Only certain lines below are wanted: those starting at the line containing "Camco 51885 Charcoal" and ending at the line containing "Conjunto de sala", both included, each retyped exactly.

§ PROVIDED ENTRIES:

####

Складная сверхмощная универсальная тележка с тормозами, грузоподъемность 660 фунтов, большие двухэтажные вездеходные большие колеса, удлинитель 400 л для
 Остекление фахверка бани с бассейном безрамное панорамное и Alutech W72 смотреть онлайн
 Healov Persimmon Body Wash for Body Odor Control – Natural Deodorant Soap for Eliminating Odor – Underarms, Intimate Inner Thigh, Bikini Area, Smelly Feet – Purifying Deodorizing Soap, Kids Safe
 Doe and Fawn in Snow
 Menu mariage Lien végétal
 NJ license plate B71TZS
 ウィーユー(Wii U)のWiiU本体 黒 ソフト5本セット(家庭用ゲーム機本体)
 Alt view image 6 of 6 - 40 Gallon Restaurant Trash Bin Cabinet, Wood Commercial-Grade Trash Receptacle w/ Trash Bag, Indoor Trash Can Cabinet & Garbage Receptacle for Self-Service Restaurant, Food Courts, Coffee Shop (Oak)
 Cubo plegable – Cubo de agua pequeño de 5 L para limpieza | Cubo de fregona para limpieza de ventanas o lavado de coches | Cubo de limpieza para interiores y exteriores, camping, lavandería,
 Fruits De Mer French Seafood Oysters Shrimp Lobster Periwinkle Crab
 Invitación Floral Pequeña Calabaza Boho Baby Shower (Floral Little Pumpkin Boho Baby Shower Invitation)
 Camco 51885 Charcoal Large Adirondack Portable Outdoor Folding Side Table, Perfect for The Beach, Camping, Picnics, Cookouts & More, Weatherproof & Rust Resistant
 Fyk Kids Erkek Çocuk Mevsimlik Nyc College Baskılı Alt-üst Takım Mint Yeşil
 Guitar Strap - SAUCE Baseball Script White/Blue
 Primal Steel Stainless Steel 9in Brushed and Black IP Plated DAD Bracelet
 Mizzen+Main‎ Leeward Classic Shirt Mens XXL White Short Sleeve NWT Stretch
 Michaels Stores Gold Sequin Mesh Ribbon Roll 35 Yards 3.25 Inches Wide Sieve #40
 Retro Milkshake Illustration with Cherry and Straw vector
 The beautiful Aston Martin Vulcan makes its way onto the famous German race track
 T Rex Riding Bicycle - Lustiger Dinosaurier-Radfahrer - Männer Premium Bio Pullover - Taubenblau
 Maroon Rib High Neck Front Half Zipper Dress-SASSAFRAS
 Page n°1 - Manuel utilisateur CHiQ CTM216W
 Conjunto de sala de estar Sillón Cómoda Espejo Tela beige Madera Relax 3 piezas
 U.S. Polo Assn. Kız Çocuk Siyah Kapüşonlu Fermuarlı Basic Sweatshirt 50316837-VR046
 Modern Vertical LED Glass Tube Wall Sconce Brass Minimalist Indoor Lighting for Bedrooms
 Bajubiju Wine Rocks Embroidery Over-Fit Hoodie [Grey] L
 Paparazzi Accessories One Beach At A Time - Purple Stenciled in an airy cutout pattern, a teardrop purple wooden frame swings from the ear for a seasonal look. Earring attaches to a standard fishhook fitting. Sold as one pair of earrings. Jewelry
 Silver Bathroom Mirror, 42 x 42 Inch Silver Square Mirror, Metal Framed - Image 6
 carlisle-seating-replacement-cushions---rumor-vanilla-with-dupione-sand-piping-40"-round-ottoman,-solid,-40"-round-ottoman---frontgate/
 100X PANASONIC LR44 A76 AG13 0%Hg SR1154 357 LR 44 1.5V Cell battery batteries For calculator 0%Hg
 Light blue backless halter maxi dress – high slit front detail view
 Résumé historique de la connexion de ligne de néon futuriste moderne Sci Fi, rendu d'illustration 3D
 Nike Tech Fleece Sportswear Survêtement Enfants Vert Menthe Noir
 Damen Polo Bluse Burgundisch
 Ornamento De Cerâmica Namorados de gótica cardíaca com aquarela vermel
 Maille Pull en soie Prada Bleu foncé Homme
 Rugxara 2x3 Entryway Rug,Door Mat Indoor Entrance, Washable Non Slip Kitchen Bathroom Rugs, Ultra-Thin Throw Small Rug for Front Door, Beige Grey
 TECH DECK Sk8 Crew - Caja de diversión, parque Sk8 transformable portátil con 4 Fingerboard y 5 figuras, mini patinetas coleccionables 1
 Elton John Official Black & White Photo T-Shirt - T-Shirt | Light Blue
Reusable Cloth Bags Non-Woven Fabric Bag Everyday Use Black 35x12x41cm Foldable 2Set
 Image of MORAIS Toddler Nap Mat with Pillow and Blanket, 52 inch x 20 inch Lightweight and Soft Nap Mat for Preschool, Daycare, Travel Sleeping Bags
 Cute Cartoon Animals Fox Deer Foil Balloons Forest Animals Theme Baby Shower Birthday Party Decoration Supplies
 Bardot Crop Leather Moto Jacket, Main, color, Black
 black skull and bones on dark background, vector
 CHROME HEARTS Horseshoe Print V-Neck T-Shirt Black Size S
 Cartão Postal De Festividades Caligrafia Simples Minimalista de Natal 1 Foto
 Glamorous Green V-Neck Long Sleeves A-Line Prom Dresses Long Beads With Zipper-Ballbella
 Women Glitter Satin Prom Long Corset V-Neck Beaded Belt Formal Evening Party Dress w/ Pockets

####

§ EXERCISE OUTPUT:
 Camco 51885 Charcoal Large Adirondack Portable Outdoor Folding Side Table, Perfect for The Beach, Camping, Picnics, Cookouts & More, Weatherproof & Rust Resistant
 Fyk Kids Erkek Çocuk Mevsimlik Nyc College Baskılı Alt-üst Takım Mint Yeşil
 Guitar Strap - SAUCE Baseball Script White/Blue
 Primal Steel Stainless Steel 9in Brushed and Black IP Plated DAD Bracelet
 Mizzen+Main‎ Leeward Classic Shirt Mens XXL White Short Sleeve NWT Stretch
 Michaels Stores Gold Sequin Mesh Ribbon Roll 35 Yards 3.25 Inches Wide Sieve #40
 Retro Milkshake Illustration with Cherry and Straw vector
 The beautiful Aston Martin Vulcan makes its way onto the famous German race track
 T Rex Riding Bicycle - Lustiger Dinosaurier-Radfahrer - Männer Premium Bio Pullover - Taubenblau
 Maroon Rib High Neck Front Half Zipper Dress-SASSAFRAS
 Page n°1 - Manuel utilisateur CHiQ CTM216W
 Conjunto de sala de estar Sillón Cómoda Espejo Tela beige Madera Relax 3 piezas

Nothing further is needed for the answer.